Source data
"""
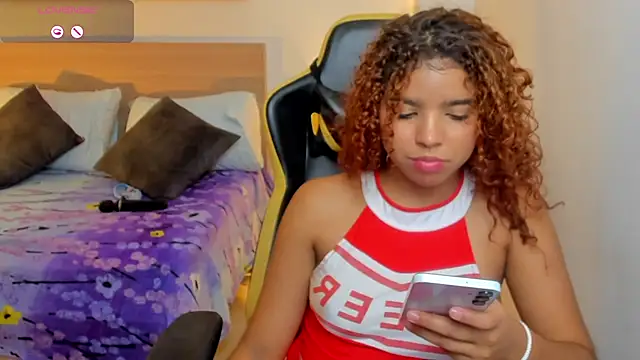 aurora rodriguez online show from February 12, 2025, 3:16 pm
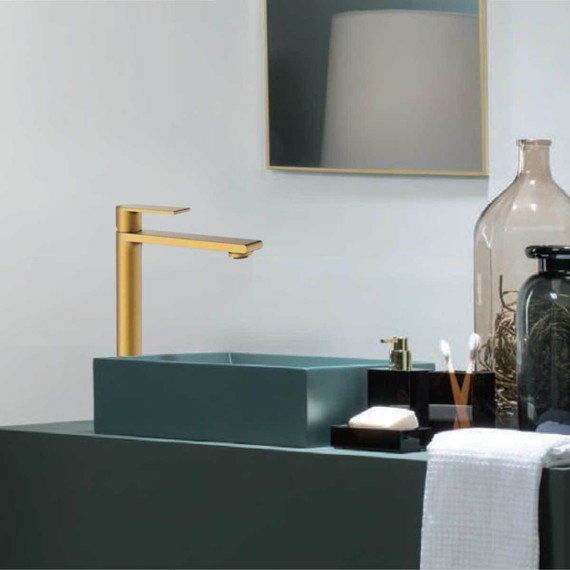 Смеситель для раковины высокий Vincea Vogue VBF-1V2BG, брашированное золото - 2 Смеситель для раковины высокий Vincea Vogue VBF-1V2BG, брашированное золото фото 2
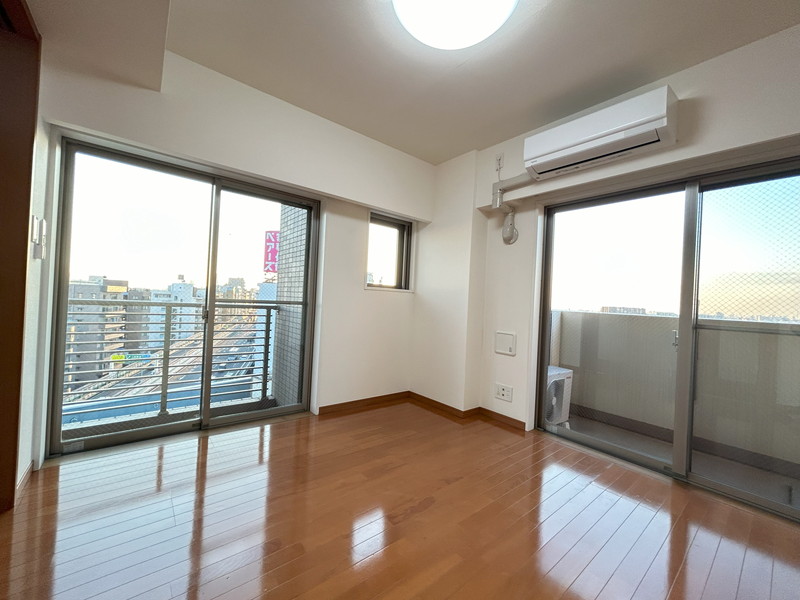 レジディア池尻大橋1203の室内2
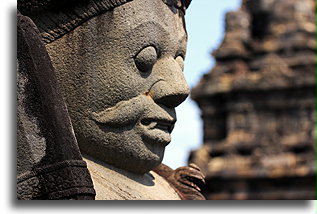 Posąg Dvarapala::Buddyjska świątynia Sewu, Jawa Indonezja::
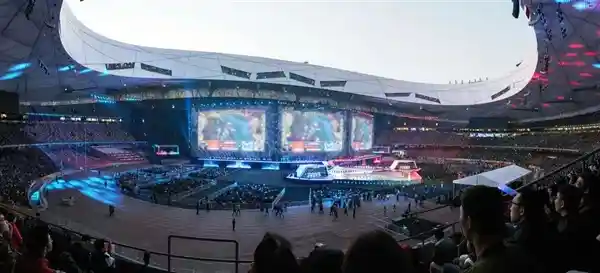 游戏劝退班收费超万，少年隔日哭着想回家：网瘾教育背后的真相是什么？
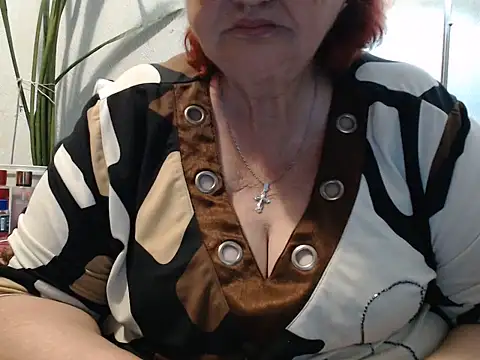 Snapshot of DeniseeRosea chatting on June 16, 10:43 pm DeniseeRosea online show from June 16, 10:43 pm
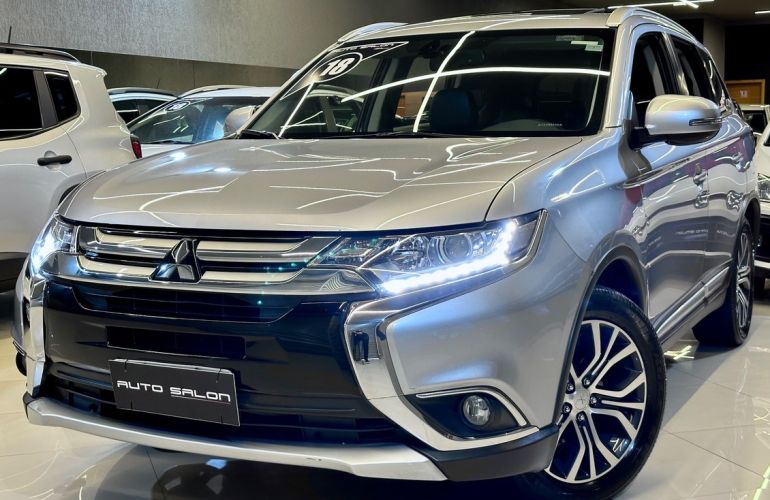 Mitsubishi Outlander 2.0 Comfort 16v - Foto #3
"""
* **Requirement**: Copy out the data verbatim, with no pictures.

* **Worked solution**:
 aurora rodriguez online show from February 12, 2025, 3:16 pm
 Смеситель для раковины высокий Vincea Vogue VBF-1V2BG, брашированное золото - 2 Смеситель для раковины высокий Vincea Vogue VBF-1V2BG, брашированное золото фото 2
 レジディア池尻大橋1203の室内2
 Posąg Dvarapala::Buddyjska świątynia Sewu, Jawa Indonezja::
 游戏劝退班收费超万，少年隔日哭着想回家：网瘾教育背后的真相是什么？
 Snapshot of DeniseeRosea chatting on June 16, 10:43 pm DeniseeRosea online show from June 16, 10:43 pm
 Mitsubishi Outlander 2.0 Comfort 16v - Foto #3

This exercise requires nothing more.